CERA should never be considered an authority on anything. They are nothing but what amount to a giant investment encouragement unit that is based on giving the most rosy picture possible as per global oil reserves. They are, much like Exxon when it comes to global warming, the only remaining "serious" deniers of the reality of peak oil. Even the US Department of energy has come out of the woodwork on this understanding.

When CERA talks about global forecasts of oil demand, they do not take either realistic numbers for other countries reserves, nor the cumulative effect of what it means for these remaining "oil" sources to be ramped up.

They take Saudi projections at face value, but Saudi Arabia's stated reserve numbers-- in a country more explored than an empty cupboard by a mouse in winter-- fluctuate in tandem with what would be best for global oil prices. There is no outside verification. The same can be said about many other nation-states and their stated reserves.

North Sea oil is irrevocably in decline. So is the massive Cantarell field in the Gulf of Mexico, after only a short time of production. We are globally using over 9 barrels for each one found.
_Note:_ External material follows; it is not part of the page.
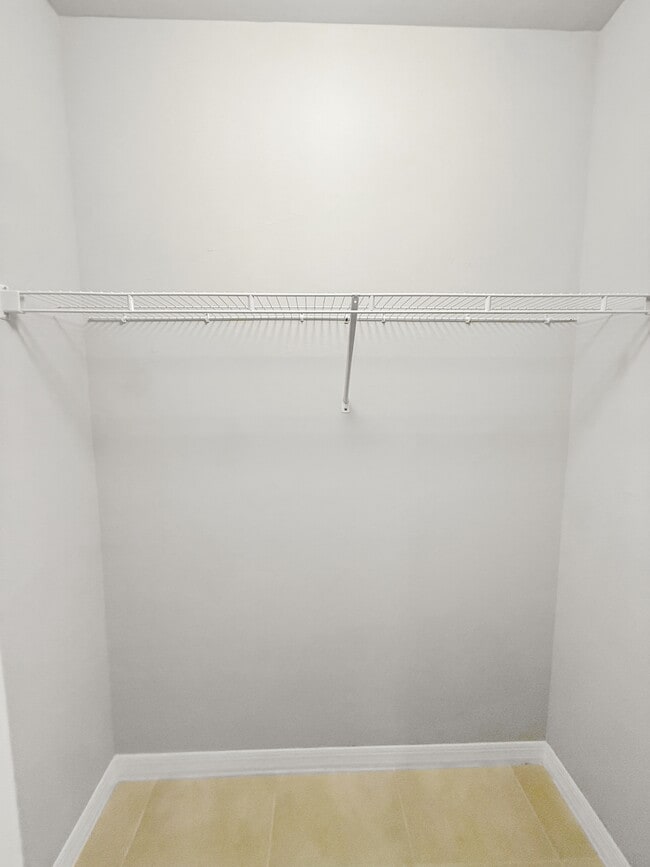 Building Photo - 8357 Matanzas Rd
Per capita consumption wise-- a not-very-capitalist measure, but one based on physics-- we hit peak oil globally in the 1970's.

The international energy agency had a report leaked only a few months ago where they let it slip that they are already-- when economic demand for development is at a "normal" pace-- are in the neighborhood of ten million barrels a day shy of demand for petroleum, et al.
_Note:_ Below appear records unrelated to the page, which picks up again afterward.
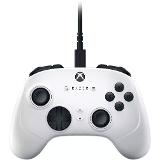 Razer WOLVERINE V3 Tournament Ed. Wh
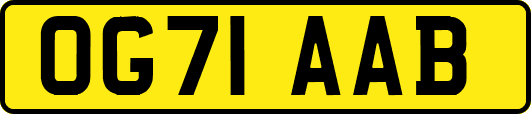 OG71AAB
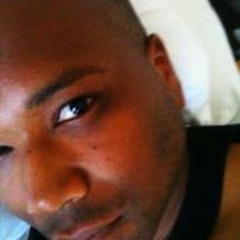 Jonathan Phillip Batiste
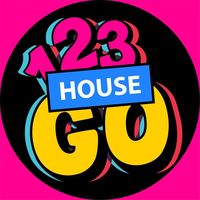 123gohouse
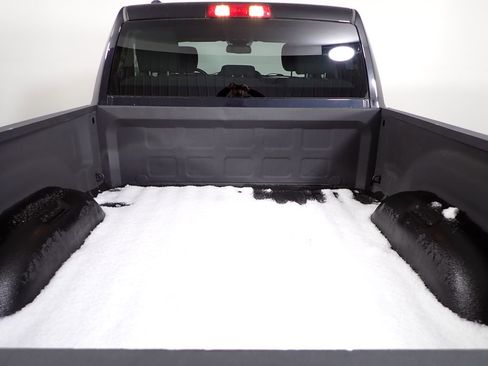 Used 2013 RAM 1500 Tradesman w/ Popular Equipment Group image 16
Both David Suzuki and his namesake foundation do not believe that challenging the rights of capital is possible. They are not environmentalists, but "sustainable-ists", writing fantasy to make people feel more personal comfort while continuing to live a lifestyle that has already hit the wall.

I would hope in the future, to counterbalance their corporate PR, we don't give Wal-Mart consultants who endorse Gordon Campbell as "environmentalists" space, but instead talk to real environmentalists who know that "making the producers pay" amounts to commodifying the atmosphere and puts false hopes in the ability of capitalism to survive without oil.

Buying the water and c02 permits is no solution to the ecological crisis and more importantly condemns to death communities like Fort Chipewyan-- never mind the entire Mackenzie River basin.

Mr Laxer means well, but all these nationalist responses being promoted are the antithesis of any real environmental justice and should be seen as such.

The problem is not Canada vs the US, or "responsible development" vs business as usual, but one of North America vs Turtle Island-- and life versus death.

More on CERA....

This is a link to an important article, responding to CERA from the Energy Bulletin and a founder of ASPO-USA. They are making projections that, if we give them credibility in any way, will basically condemn humanity (and a lot more life forms) to something resembling extinction.

Guess I'm one of them "alarmists", eh?